I don’t know how I did this, exactly, but for the second year in a row I was due to write a blog on Martin Luther King Jr. Day.
And for the second year in a row, I opened my planner yesterday, looked at my note to “write blog” and groaned a little.
Because what, really, do I have to say about the life and legacy of Dr. Martin Luther King Jr., or about the work that remains to be done?
It feels tone deaf at best, and hypocritical at worst, as a white person to tell you all about MLK and how we should understand him.
So, for the second year in a row, I will not attempt to do that.
Instead, I will share a thought that other people – BIPOC leaders who I respect and learn from – shared with me yesterday: Which is that, before we do any quoting of MLK, we should re-read his letter from a Birmingham Jail.
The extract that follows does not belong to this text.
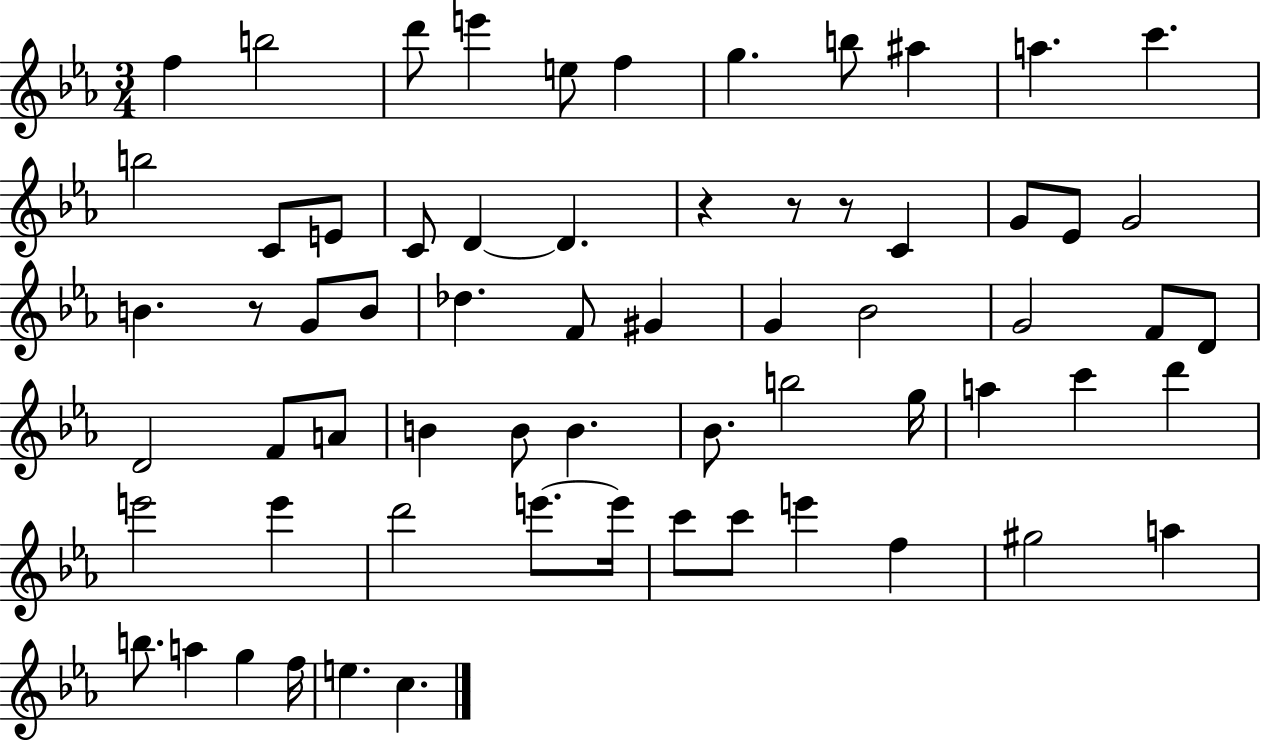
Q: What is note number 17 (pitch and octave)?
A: D4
You can find the full text here, and at many other places on the internet.
It’s especially important for those of us who style ourselves as moderates to do so, and as white Christians, because his words were particularly addressed to white church leaders who criticized his work; who might have agreed with his goals but denigrated his methods.
He writes beautifully in this letter about civil disobedience, about faith, about unjust laws and the way of nonviolence, about a deep love for the church and a deep disappointment in its response.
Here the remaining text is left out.